Townships like Soweto had the largest number of emerging tourism SMMEs, offering accommodation, arts and crafts, and food and beverages.
With numerous B&Bs, restaurants, entertainment hotspots, and recognised tourist attractions, like the Hector Pieterson Museum and the Mandela Family Museum, Soweto is expected to be one of the main visitor attractions in 2010.
The venue for the opening ceremony, and opening and final matches of the World Cup, Soccer City, is also located on the outskirts of Soweto, an opportunity for tourism businesses to tap into the thousands of international visitors expected to attend matches at the stadium.
Daniller said the survey found that many enterprises were viable and able to provide services and goods for 2010 and beyond, even though there were challenges to be surmounted.
“Accommodation establishments run by emerging enterprises in the 2010 World Cup host cities are generally modest in size, but contribute … more than 12 000 rooms, which is not insignificant.

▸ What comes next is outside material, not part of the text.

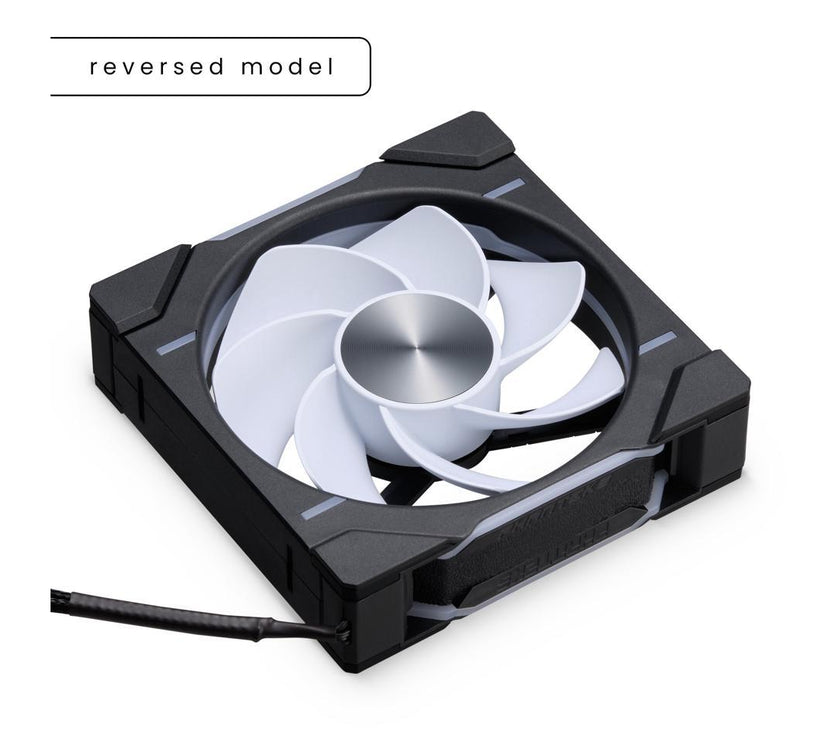 Phanteks D30-120 DRGB PWM Fan, Reverse Airflow Model, Premium D-RGB Performance Fan, ARGB/DRGB lighting, Daisy-chain Fan Linking system, Black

This complements the capacity of the established hospitality sector and could play an important role during the 2010 World Cup,” she said.
However, many emerging accommodation establishments were ungraded, presenting an urgent challenge in respect of the football tournament.
MATCH, the Fifa agency that manages accommodation and other services for 2010, required all establishments on its database to be graded, and the Tourism Grading Council of South Africa (TGCSA) would not grade establishments run by informal – read unregistered – enterprises.
“This means that all emerging accommodation enterprises that want to benefit from the formal 2010 booking and payments system have to be registered as business entities as well as graded,” said Daniller.
The survey found that arts and crafts businesses were the least developed SMMEs in business terms. “However, crafters tend to be highly committed entrepreneurs, and add significant value to tourism products.”
Overall, the survey found that notwithstanding the challenges faced by most tourism SMMEs, emerging enterprises offered an impressive range of tourism goods and services.
“This provides a sound foundation for development. There are also gaps and shortages in the overall range of tourism products, providing significant opportunities for emerging SMMEs.”
A word of encouragement came from Dr Nikolaus Eberl, author of The Hero’s Journey, who had some words of advice for emerging tourism entrepreneurs. He said Germany hosted a successful World Cup in 2006 because of that country’s excellent hospitality.
“Many people had preconceived ideas of Germans. They were regarded as unfriendly and aloof. But when 2006 came, visitors were treated like royalty by the hospitality industry. The fan festivals also provided an excellent opportunity for ordinary Germans to extend their hand of friendship to visitors.”
Eberl said the 2010 event also provided an opportunity for South Africans to show the world what South Africa – and Africa as a whole – had to offer.